The Social Host Ordinance, which came into effect December 2010 and holds tenants accountable to underage drinking in their residence, is entering its toughest period as students return from summer break or arrive at University of California Santa Barbara for the first time.
The ordinance was voted into effect by the Board of Supervisors with a 4 to 1 vote last year and implements new civil penalties for party hosts found serving alcohol to anyone under 21. The fines range from $500 to $2,000 with the first offense including a mandatory education class.
The ordinance passed despite the protest of the Isla Vista and UCSB community and has led to an assumption among many students that community groups were dismissive of student concerns. Similar ordinances, such as the one passed in Ventura County are usually directed towards curbing the drinking habits of high school students, not college students.
Many people in the IV community have already expressed concern over the ordinance.
Life of the Party, a site directed at UCSB students with a page devoted to the Social Host Ordinance, states that to avoid breaking the law hosts should “check IDs at the door,” a task difficult to perform at IV parties.

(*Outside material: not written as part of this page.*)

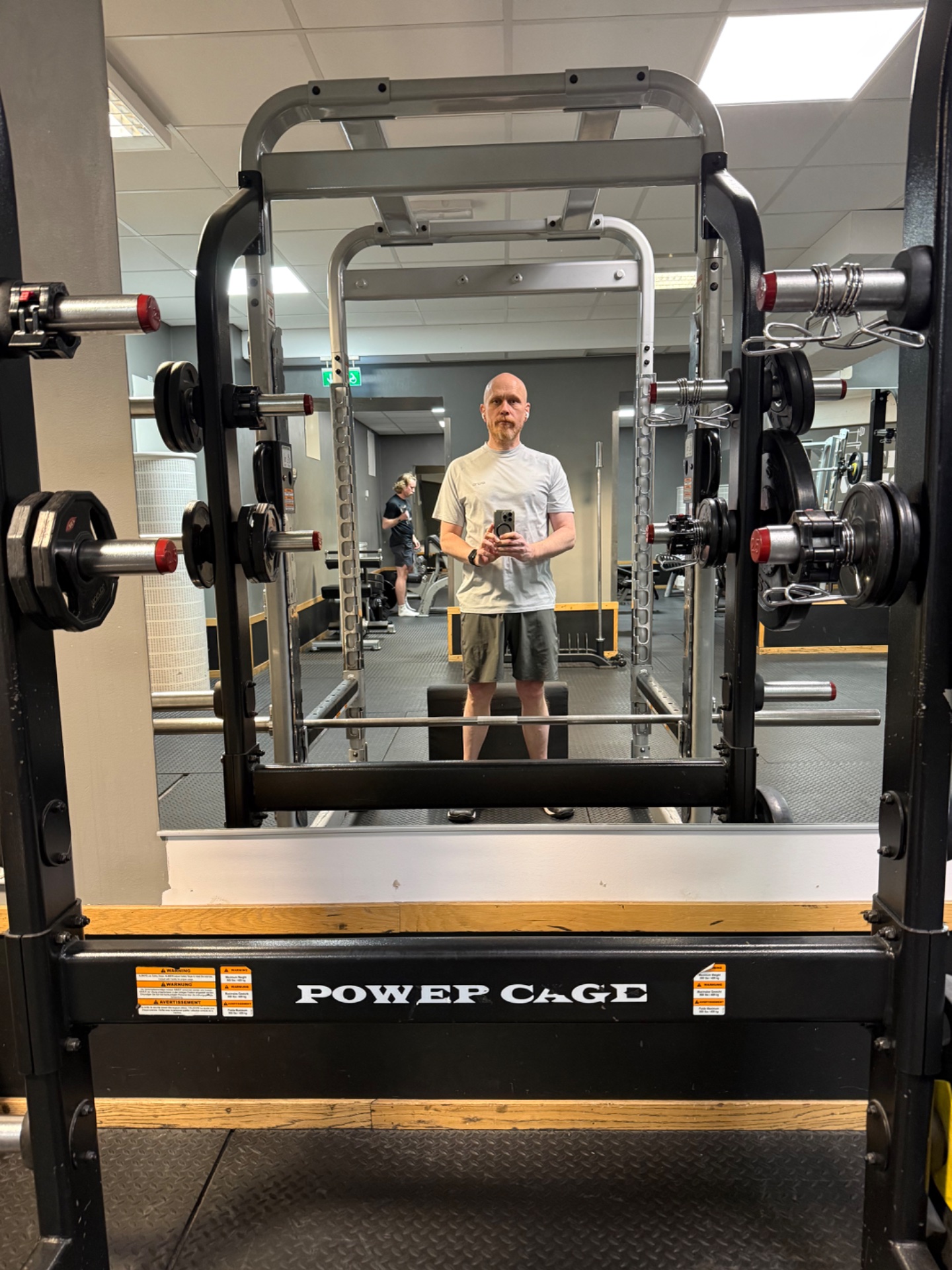 Gym selfie at a Power Cage with loaded barbells on both sides, clearly set up for weightlifting and resistance training. This is classic strength training equipment for squats, bench press, and other barbell exercises.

Christina Nguyen, a third-year English major and Isla Vista resident, doesn’t agree with this idea.
“I understand the issue with underage high school kids getting into parties. That’s a responsibility for the host,” she said. “But here at college, everyone is an adult and having a good time together. You can’t expect the host to ID everyone.”
To address the issue of underage drinkers discreetly entering a party, the ordinance allows for individuals to call the police to remove them without citing the hosts. Roommates who do not engage in the party and are unaware that underage drinking is occurring cannot be cited and to cite someone, the police must establish that the person knew or should have known that underage drinking was occurring.
Doreen Farr, a member of the Santa Barbara County Board of Supervisors and the only member to vote against the Social Host Ordinance, holds office hours the second Tuesday of every month from 1 p.m. to 3 p.m. outside of Coffee Collaborative as a way for people to discuss community issues. She has noticed that the ordinance has recently become a repeated topic in her discussions.
“People are afraid they’ll be in charge of underage roommates that they have no control over,” Farr said.
Farr explains that very few citations have been given, suggesting unfamiliarity among officers concerning the ordinance and its details. The ordinance leaves in place the rule that the foot patrol must detect loud noises, fighting, screaming or other indications of an out of control party before entering a home. It is only after entering that the foot patrol can begin to inquire about the age of those present and issue a citation to the hosts and tenants.
The ordinance still continues to worry UCSB students even with the few number of citations given. Doreen Farr assures students that the ordinance is not designed to create a tense rift between the residents and the police.
“The police are always looking for ways to ensure public safety,” Farr said. “The idea is to make everyone more responsible.”